Given records —
________________________________________

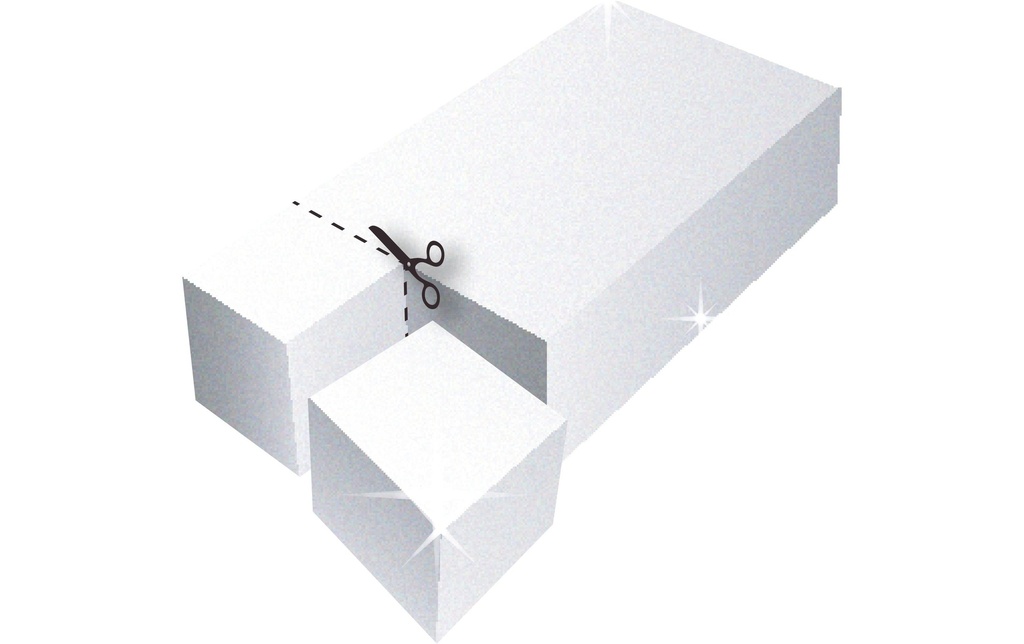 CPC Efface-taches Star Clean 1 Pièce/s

________________________________________

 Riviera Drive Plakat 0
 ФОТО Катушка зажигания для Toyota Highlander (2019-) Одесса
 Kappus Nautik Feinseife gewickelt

________________________________________

Exercise objective — Only the lines above starting with the one with "Riviera Drive Plakat 0" and going through the one with "Kappus Nautik Feinseife gewickelt" are to be copied, word for word and with both ends kept.

Response —
 Riviera Drive Plakat 0
 ФОТО Катушка зажигания для Toyota Highlander (2019-) Одесса
 Kappus Nautik Feinseife gewickelt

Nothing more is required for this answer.